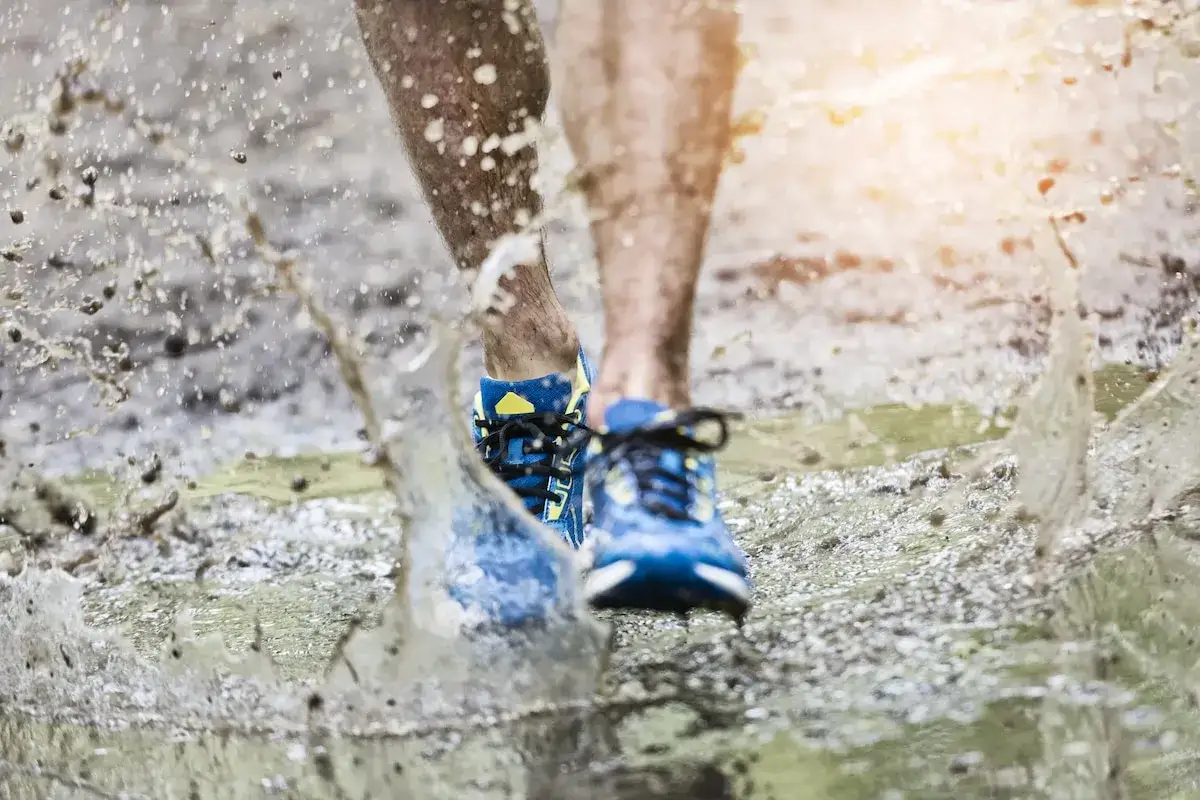 Des chaussures trail hiver bleues traversent une flaque de boue, projetant des éclaboussures.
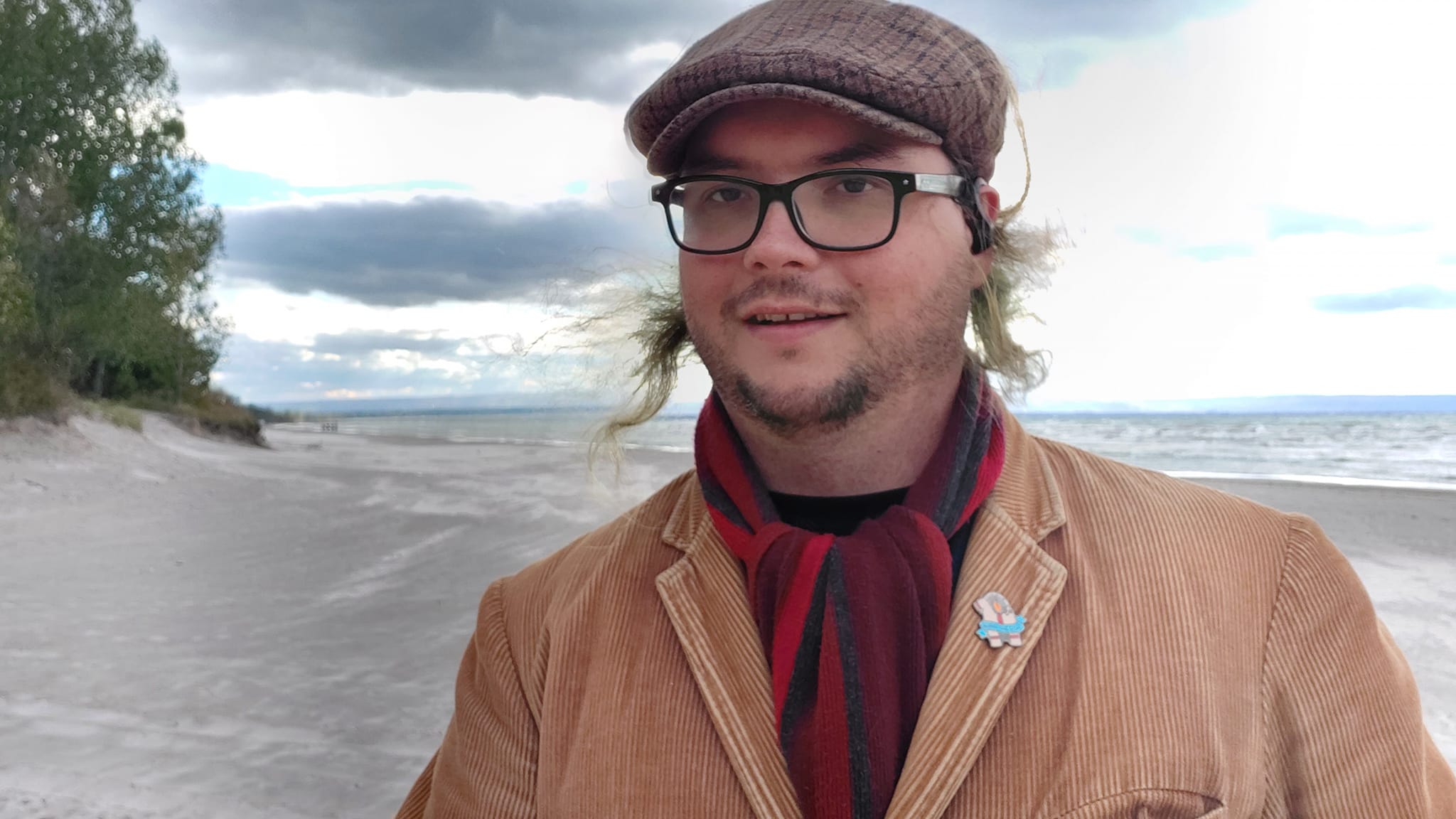 A man with long green hair stands on a beach, big water behind him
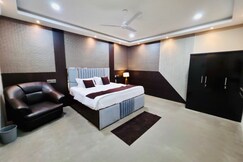 Address of AXOM HOMESTAY & VILLAS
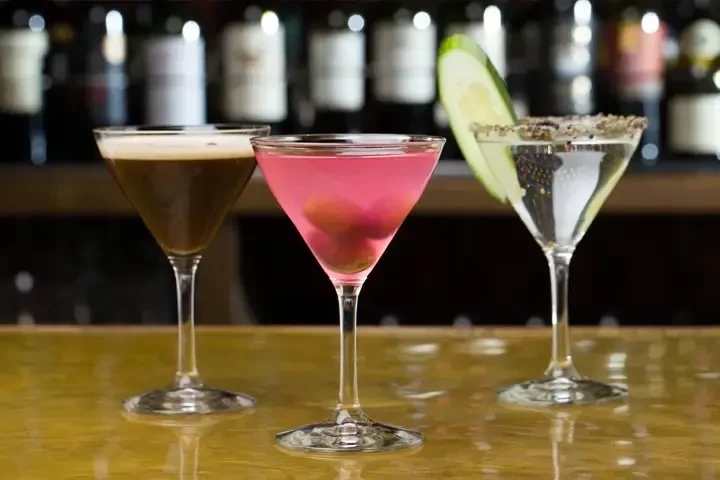 Three cocktails: dark, pink with garnishes, clear with cucumber, on a bar.
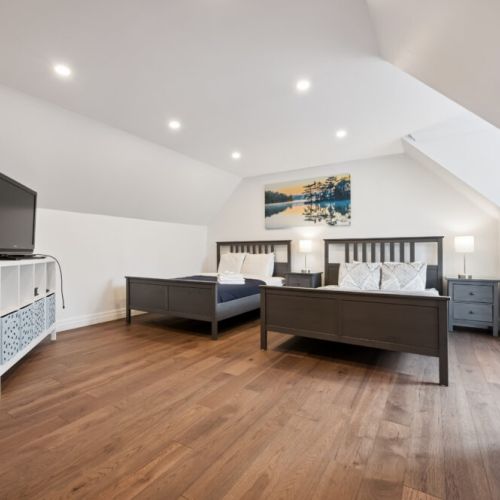Bedroom 2: Upper-level bedroom with king and queen bed. A quiet, private sleeping space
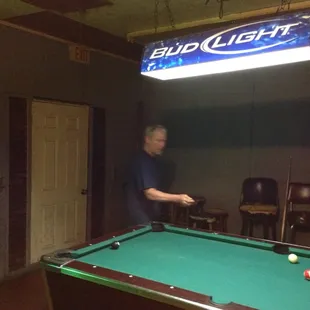 a man playing pool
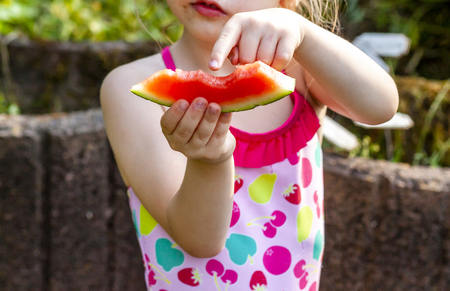 Cute little girl eating watermelon in the summertimeの写真素材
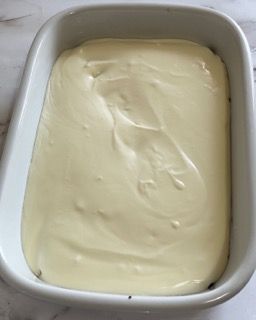 Una pirofila bianca piena di glassa bianca su un tavolo.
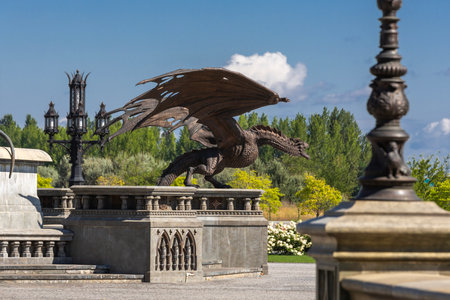 Stone monument pedestal with bronze dragon statue in Garibaldi Castle complex at sunny day, Samara region, Russia. A popular tourist attraction at summer travel vacationsの写真素材
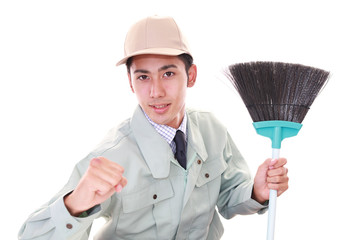 ガッツポーズの清掃員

◇ ◇ ◇ ◇ ◇ ◇ ◇

• [Task directions]: Exactly as written, give again every line from the one containing "Three cocktails: dark, pink" through the last line of the material, both included, with the pictures left out.

• [Written solution]:
 Three cocktails: dark, pink with garnishes, clear with cucumber, on a bar.
Bedroom 2: Upper-level bedroom with king and queen bed. A quiet, private sleeping space
 a man playing pool
 Cute little girl eating watermelon in the summertimeの写真素材
 Una pirofila bianca piena di glassa bianca su un tavolo.
 Stone monument pedestal with bronze dragon statue in Garibaldi Castle complex at sunny day, Samara region, Russia. A popular tourist attraction at summer travel vacationsの写真素材
 ガッツポーズの清掃員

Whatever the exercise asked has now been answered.